Windows XP (and above) can be monitored via SNMP. See the FAQ on Munin, referring to How to Monitor Windows (but Cacti also can poll via SNMP, and the Linux SNMP daemon can provide useful information also). There are monitoring plugins for various parameters in the Linux /proc filesystem. IPMI data can also be retrieved with SNMP or with native plugins, which is our main use case.
Both packages use RRDtool to create the graphs. They perodically poll the hosts being monitored, from a master site, store the results, and create graphs or textual displays on demand. RRDtool has its own database engine specialized for circular data, i.e. it is configured to hold samples for a prespecified interval such as one week, and newly added samples overwrite the oldest ones. Multiple archives (RRA) with different intervals are allowed. RRDtool also has a graph creation engine, which the front end scripts can call.

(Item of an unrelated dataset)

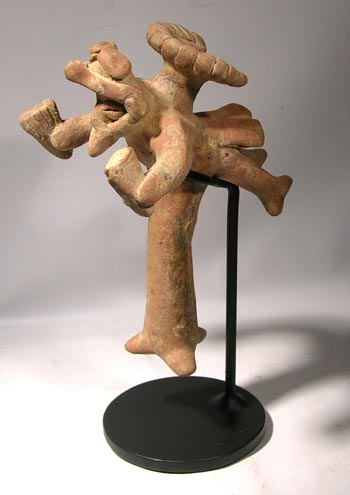 Colima Acrobat Custom Display Stand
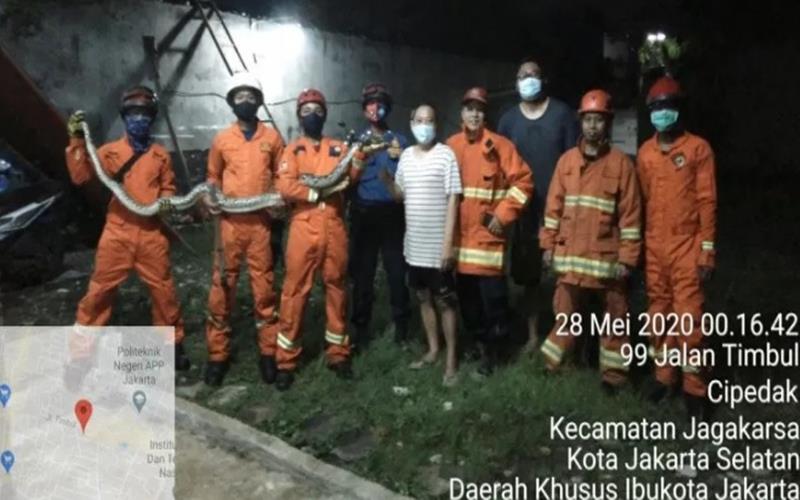 Ular Sanca Batik Sepanjang 3 Meter Sembunyi di Paralon Rumah Warga di Cipedak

When storing data, RRDtool can be executed separately on each host data point, or can run as a daemon, with journalling. Data extraction is handled per event, e.g. per graph. Communication with the daemon is normally via a UNIX domain socket, but a TCP socket can be used (with no authentication and with optional hostbased access restriction).

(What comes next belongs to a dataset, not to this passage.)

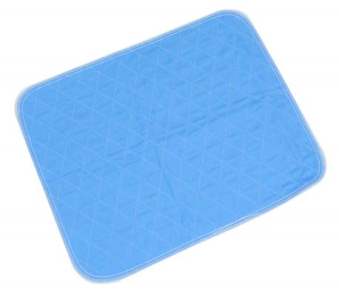 Blue Chair and Bed Pad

Required packages for Cacti:
httpd, i.e. a webserver that can run PHP. Apache is good.
PHP, which is the language Cacti is written in. It also needs these modules:
RRDtool is not listed as a prerequisite, but is used to store the data from the hosts.
mysql, client and server. They don't say anywhere what they store in the SQL database, but it isn't the host data.

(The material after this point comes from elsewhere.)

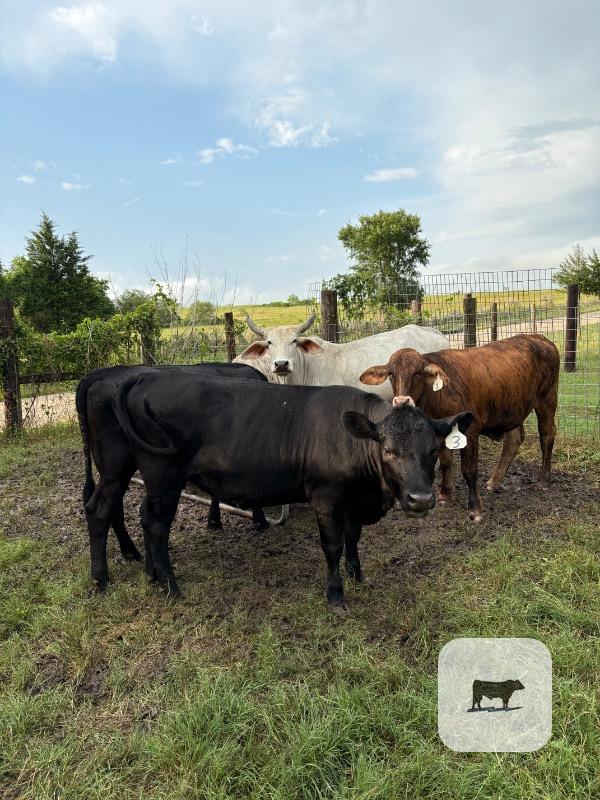 Cattle Range Listing Photo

net-snmp. This is the standard way to poll hosts for operational data.
For polling hosts there is a script called cmd.php, but if you
have a lot of hosts you can install a daemon called
is compiled code.
Details on Munin:
Munin is written in Perl. It is architecture-independent, but some monitoring plugins depend e.g. on the /proc filesystem and hence are Linux specific. Dependent Perl packages are not arcane.
A program runs on each host (as root) to collect the data, and forwards it to a master site (running as a special user) for storage.
Munin is designed to work fairly well out of the box, requiring relatively little hand labor to set it up.
All hosts (that participate in monitoring) need the Munin client package; only the master site needs the Munin master package.
To deliver the graphs and statistics, the webserver needs to run the Munin master as a CGI, either with native execution or via mod_perl.
Support in Munin of IPv6 depends mainly on whether the dependent Perl packages, particularly Net::Server, support it.
The master's configuration file /etc/munin/munin.conf needs to have all the nodes listed explicitly. We will have to write a script to automate this. The conf format is pretty simple.
The node's conf file /etc/munin/munin-node.conf basically is used in the constructor of Net::Server. The node software is a TCP daemon listening on some port, and the master polls it. Hostbased access control. Normally it runs as root (to read /proc).
The main package has a collection of common plugins, and additional plugins can be found at Munin's github area.
Munin is the name of one of Odin's pet ravens who would fly over the world and spy for him.